### Exercise directions
Every line in the data below from the one containing "Louis Vuitton Monogram" down to the one containing "For Sale: $420,000", both included, must be retyped exactly; no other line is to appear.

### Recorded data
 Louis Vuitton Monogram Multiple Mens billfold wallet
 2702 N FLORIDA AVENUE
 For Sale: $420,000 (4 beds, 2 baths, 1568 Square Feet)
---
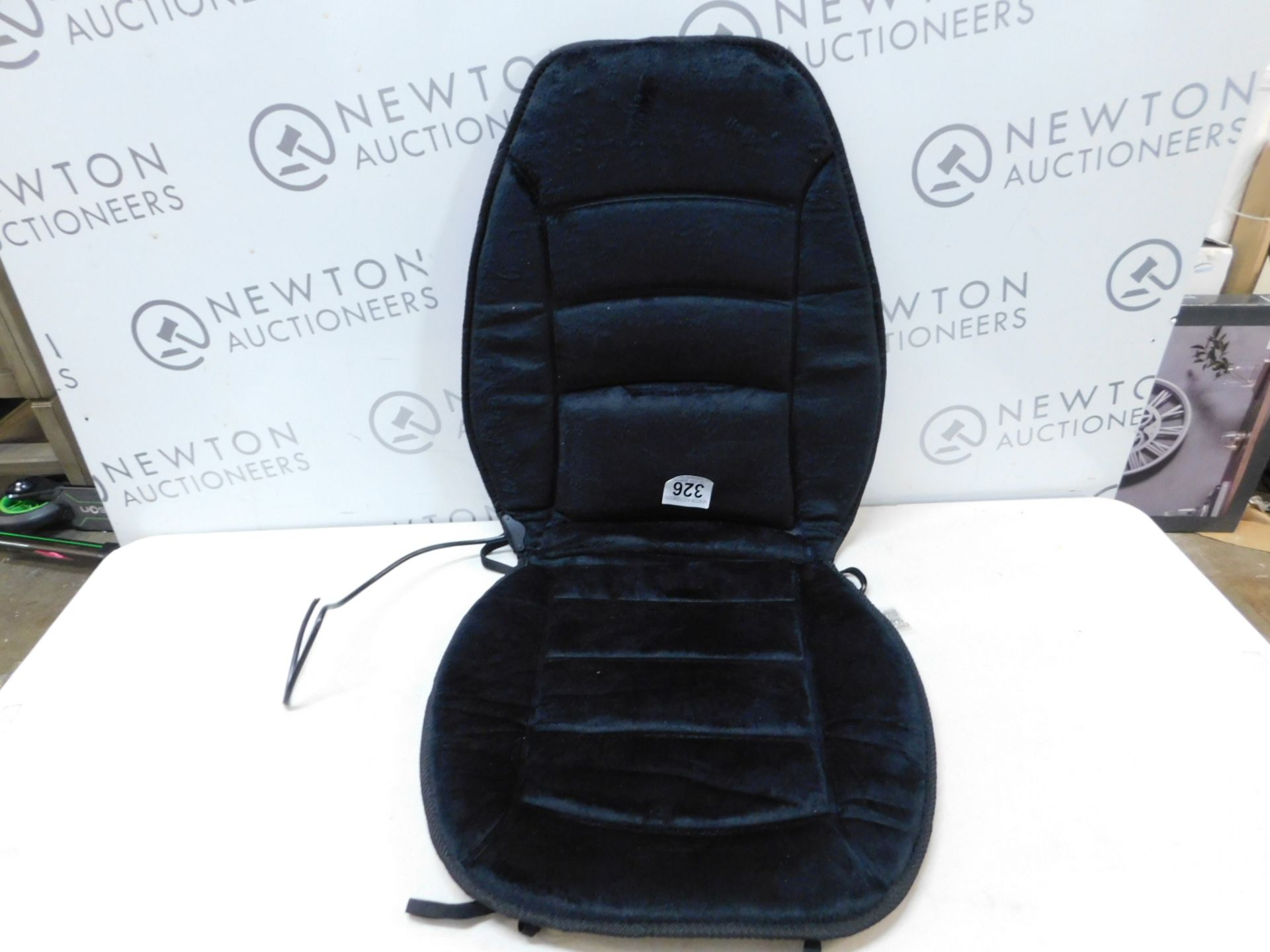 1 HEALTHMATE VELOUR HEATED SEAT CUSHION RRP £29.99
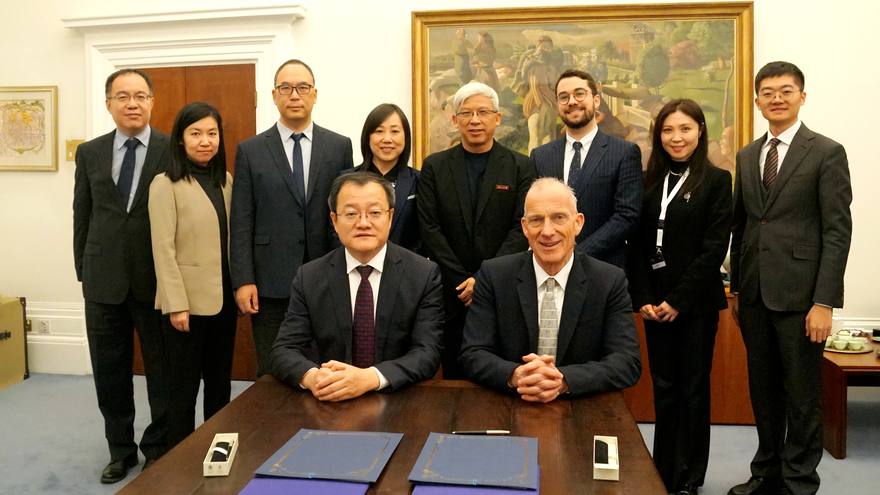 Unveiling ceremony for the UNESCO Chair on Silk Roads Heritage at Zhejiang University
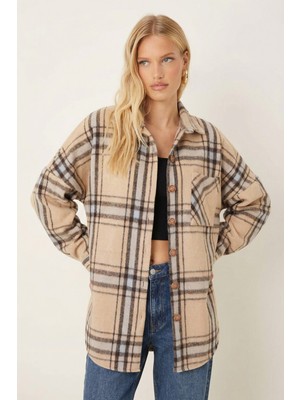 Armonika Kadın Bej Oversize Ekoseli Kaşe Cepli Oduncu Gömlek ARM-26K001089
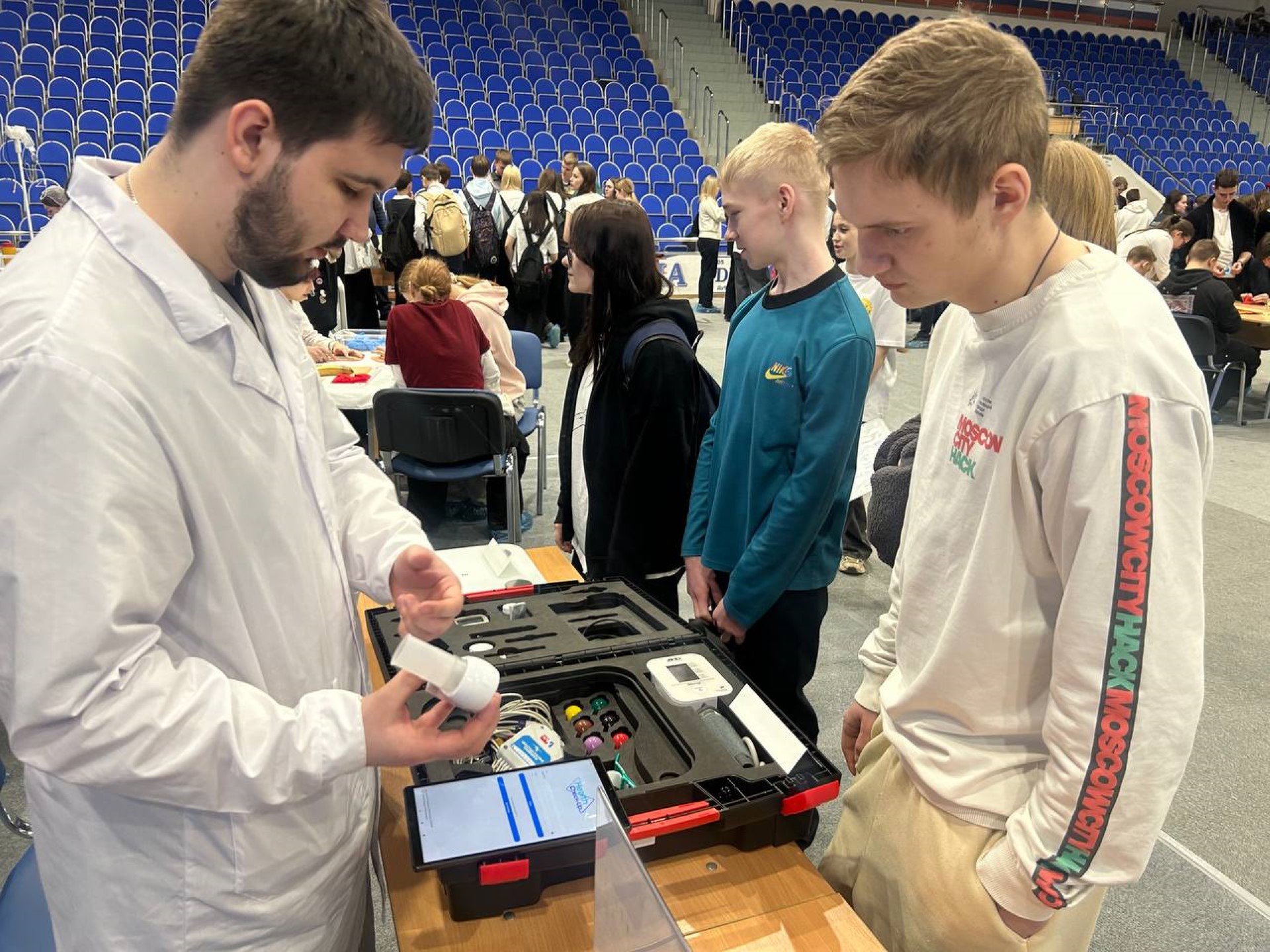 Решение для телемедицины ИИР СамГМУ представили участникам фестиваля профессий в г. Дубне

### Problem solution
 Louis Vuitton Monogram Multiple Mens billfold wallet
 2702 N FLORIDA AVENUE
 For Sale: $420,000 (4 beds, 2 baths, 1568 Square Feet)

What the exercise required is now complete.